Her sense of social justice was years ahead of its time -- I particularly appreciated her anecdotes of checking herself out of the Algonquin hotel in solidarity after they refused to let a Black ballerina have a room there, and of her deliberate snubbing of the Nazi government prior to the 1936 Berlin Olympics.

Late in 1935, I received an invitation to dance with my company at the International Dance Festival that was part of the 1936 Olympic Games to be held in Berlin. The invitation was signed by Rudolf Laban, president of the Deutsche Tanzbuhne, by the president of the organization committee of the Eleventh Olympic Games, and by the Reichminister of Volksaufklarung und Propaganda -- Dr. Joseph Goebbels. [snip] It never entered my mind even for a second to say yes. How could I dance in Nazi Germany? I replied:

"I would find it impossible to dance in Germany at the present time. So many artists whom I respect and admire have been persecuted, have been deprived of the right to work for ridiculous and unsatisfactory reasons, that I should consider it impossible to identify myself, by accepting the invitation, with the regime that has made such things possible. In addition, some of my concert group would not be welcomed in Germany. They are Jewish." When I was told they would be perfectly immune, I said, "And do you think I would ask them to go?" The Germans said that in that case that they would ask an inferior dance company to represent the United States. I said, "Do. But just remember this: I hold the official invitation and I will publish it across the country to show that Germany had to take second best." No American dance company went to the festival.
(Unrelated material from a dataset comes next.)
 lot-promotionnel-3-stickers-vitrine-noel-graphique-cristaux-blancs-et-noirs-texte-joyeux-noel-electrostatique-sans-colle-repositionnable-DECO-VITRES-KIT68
Her description of her interactions with Helen Keller is also not to be missed. She dealt with art fraud, collaborated with many other famous artists, rubbed shoulders with many unexpected luminaries of the twentieth century, mentored Madonna, won the Medal of Freedom, fell profoundly and intensely in love, and then survived its wreckage. She stared down a rowdy Italian audience by giving the a commanding gesture to stop, mid-performance, and they did. They roared for her and her company when the lights came up and no one bowed. She met the Pope. She nearly caused a car accident in Japan.

After we left the theater I turned to a friend in the taxi we hailed and said, "She never would have been a great dancer. She doesn't move from her vagina." The Japanese taxi driver nearly swerved off the road. "You understand English?" I asked. He turned and smiled. "Yes, ma'am. I was raised in Brooklyn."

Her writing on aging, on being unable to do the things she once could do with her dancer's body was particularly poignant. I appreciate the forthrightness with which she wrote about how her choreography changed in that regard, and how she struggled with the desire to dance versus what her body would let her do. It maps to a lot of the thoughts I've had about disability and fluctuating states of capability. But she isn't always poignant about it.

When we got to know each other, Tudor came backstage to see me after a performance, and was less than pleased with what he had seen onstage. "At last," he said to me, "you have compromised." And with that, I turned around and kicked him in the shin. He stayed until everyone had left to apologize, and although I should have apologized as well, I didn't, but I loved and honored Antony.... When it is a dancer's time to leave, then he leaves. I never force anybody to stay. When a dancer wants to leave, I say, "Go. It is your time. But the door is always open. You will always be welcome." And that has happened. It is happening now in my life. When it is time, it is time.

She died later that year. Martha fucking Graham.

This entry was originally posted at http://ivy.dreamwidth.org/320634.html and has
comments there. Please feel free to comment on either site; comments rock.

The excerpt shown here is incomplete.